Czytam pojedyncze artykuły, felietony online ale nie wyobrażam sobie czytania w ten sposób powieści.
Dlaczego?

- Kocham szelest kartek...

- W książce papierowej jest coś magicznego. Papier ma po prostu duszę. Zdjęcia, tekst czy sam zapach tego nie da się zastąpić. 

- Książce nic się niestanie jeśli dziecko rzuci nią o podłogę, żeby sprawdzić przypadkiem jaki wydaje odgłos.

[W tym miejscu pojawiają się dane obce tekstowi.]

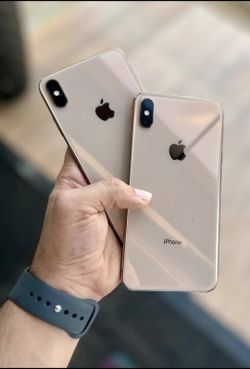 iPhone XS Max  unlocked with warranty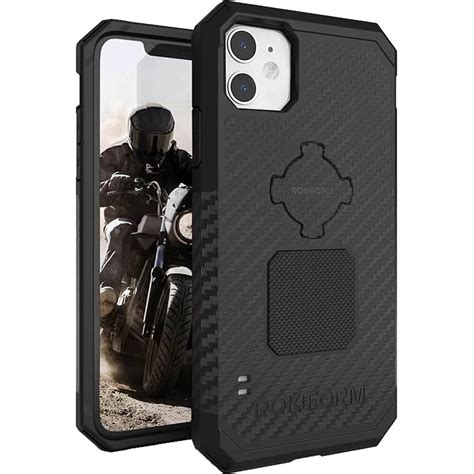 Rokform Rugged Case For Apple Iphone 11 Black 306701p Bandh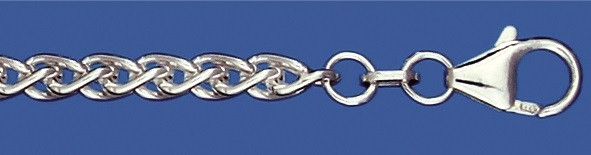 Necklace Wheat chain 4.2mm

- Wersja papierowa ma również bardzo materialny i namacalny charakter. Owszem może i zajmuje miejsce ale nie wyobrażam sobie, żeby na mojej półce brakowało mojej ulubionej publikacji. Nie martwię się też, że mi się zawiesi, skasuje. Fakt może trochę się poniszczy, pobrudzi... gdzieś znajdzie się kropelka herbaty, a gdzieś rysunek mojego syna, który uzna, że warto pobawić się w malarza. Ale książka wówczas otrzyma nową historię, nie tylko tę, która będzie zapisana na kartkach ale również tę, którą sami stworzymy.

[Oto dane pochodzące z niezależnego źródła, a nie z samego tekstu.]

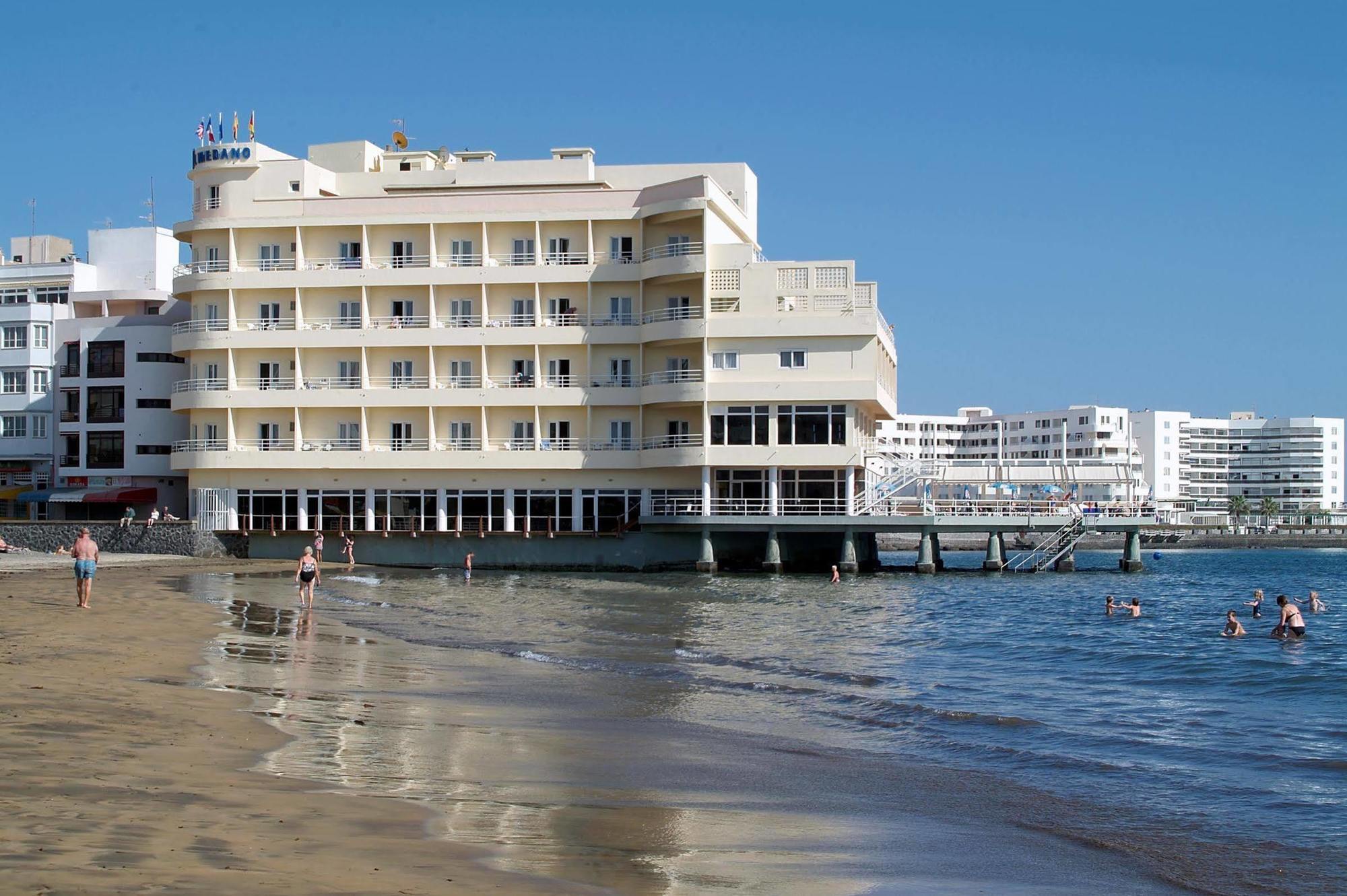 Hotel Medano Bagian luar foto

- Zawsze mogę wziąć ołówek i podkreślić swoje ulubione fragmenty. Włożyć między kartki dowolną zakłądkę i zaznaczyć fragment, na którym skończyłam czytanie.



W czytaniu książek online tego wszystkiego mi brakuje. Nie mówię, że czytanie książek online jest złe, ale po prostu widzę, że nie jest to dla mnie i nie wyobrażam sobie, żeby moje dziecko miało książki w wersji online. Nie umiem się do tego przekonać przynajmniej na razie...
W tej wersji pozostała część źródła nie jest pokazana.